Downstairs in the kitchen the housekeeper, Alma Driscoll, was busy with her chores and at the same time chatting amiably to her uncle, Matt Bateman. Matt was sitting at the table, finishing off the substantial snackmeal Alma had set before him.

He was a retired labourer living alone in a tiny cottage half a mile along the road to Abberley village. He had never married, had never seen much good come of it, nothing but loss of freedom and general aggravation. He dropped in at the Lynwood kitchen most days, to see his niece, drink a cup of tea, have a bite to eat. And cast his sharp eye round for any little unwanted trifles that might be doing nobody any good just lying about, but might come in very handy at his little cottage.

Alma rinsed out the teapot and set it down on a shelf. The room was large, with what had once been a butler’s pantry opening off it.

Vera’s parents had had the house modernized when they moved into it immediately after their marriage. Gerald Foster had caused further substantial improvements to be carried out after his own marriage. Vera would have been quite happy if he had left the house as it was; she would have felt that this enshrined her father’s memory.

But she was pleased all the same when the improvements were carried out. She appreciated the new comfort and convenience even if her nature didn’t allow her to open her mouth and say so.

Alma picked up the teacups from the table and carried them to the sink. She was a plump, cheerful-looking woman in her middle thirties. She had married once and lived to regret it. She was now a resolute divorcée amusing herself when and where she chose.

She glanced up at the clock. ‘Time you were taking yourself off,’ she said to her uncle with pleasant firmness.

He got to his feet. There was one further benefit from his visit that he intended to have.

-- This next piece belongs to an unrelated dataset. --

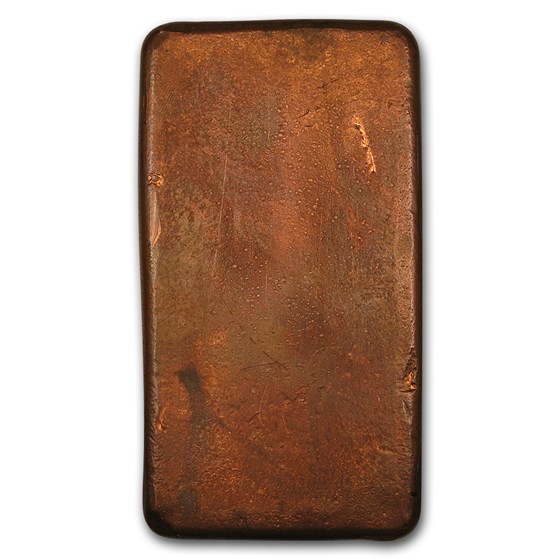 Buy 10 oz Copper Bar Geiger (Poured, .9999 Fine, Tarnished) APMEX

‘I’ll just have a word with the gaffer,’ he said easily. ‘About the firewood.’ There was a beautiful lot of wood lying along the edge of the Lynwood shrubbery where the jobbing gardener, Ned Pritchard, had piled it two days ago.

Matt had marked the wood for his own. It would burn very nicely in the kitchen of his little cottage.

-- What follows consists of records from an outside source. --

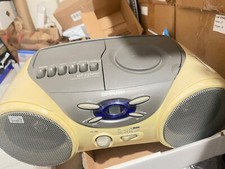 USED Vintage Sharp Boombox QT-CD210 Tape, CD, Radio SEE PHOTOS FOR DETAILS T15 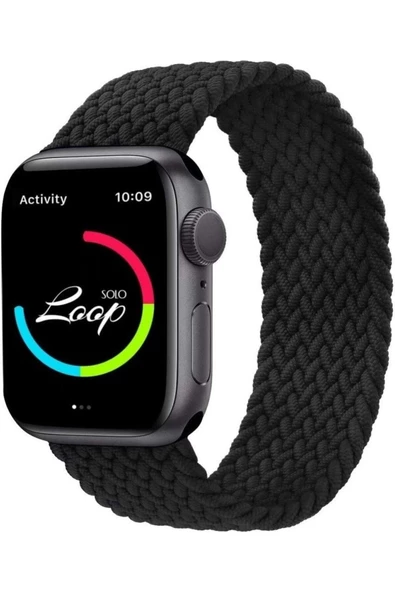 Pazariz Apple Watch Uyumlu42mm 44mm 45mm 49mm 1/2/3/4/5/6/se/7/8/ultra Kordon Örgü - 1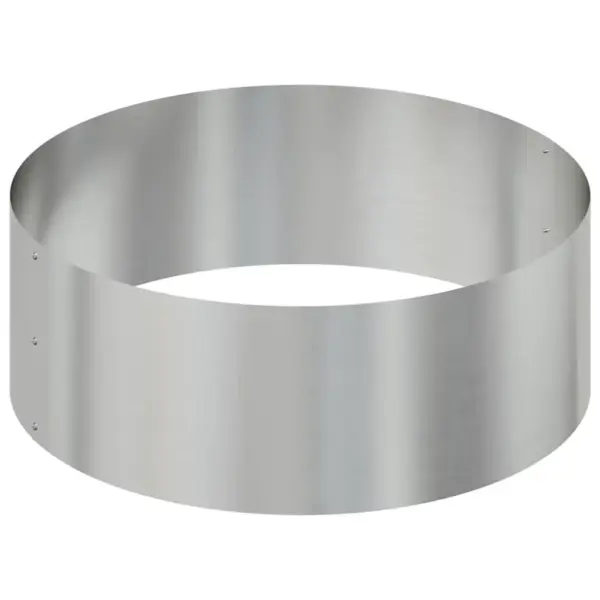 Metallist istutuskast aeda, hõbedane tsinkteras, 90 x 90 x 20 cm – 6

‘You certainly will not ask Mr Foster about the firewood,’ Alma said. ‘I won’t have any kin of mine coming here cadging.’

She saw nothing amiss in diverting a certain amount of Mr Foster’s food and drink towards her uncle in the course of his frequent calls at Lynwood. That was straightforward perks and nothing to be ashamed of.

And she made no secret of the pie or spiced fruit-loaf that she carried in her basket when she called in at Matt’s cottage. But that was quite definitely as far as she would

‘Miss Vera wouldn’t mind if I had the wood,’ Matt said. ‘Her Dad would have let me have it if he was still alive. A fine old gentleman, Mr Murdoch, I always got on well with him.’

‘And Mr Foster’s a first-class employer,’ Alma retorted. ‘I get on well with him. And I mean to keep on getting on well with him. You’re not asking him for that wood.’

‘Ned Pritchard’ll have it if I don’t,’ Matt said with resigned protest.

‘That’s up to Mr Foster. It’s his wood, he can do what he pleases with it.’

Matt pulled on his jacket with its deep and well-used pockets not immediately visible to the questioning eye. He picked up his cup.

‘Now mind,’ Alma said as he opened the door. ‘One word about that wood and you’ll have me to reckon with.’

‘I shan’t say anything.’ He’d already set his mind on another and equally fertile source of free fuel. No need to mention the fact to Alma. She was a dear girl but she did go on a bit.

‘You’ll be looking in at the cottage this afternoon?’ he asked.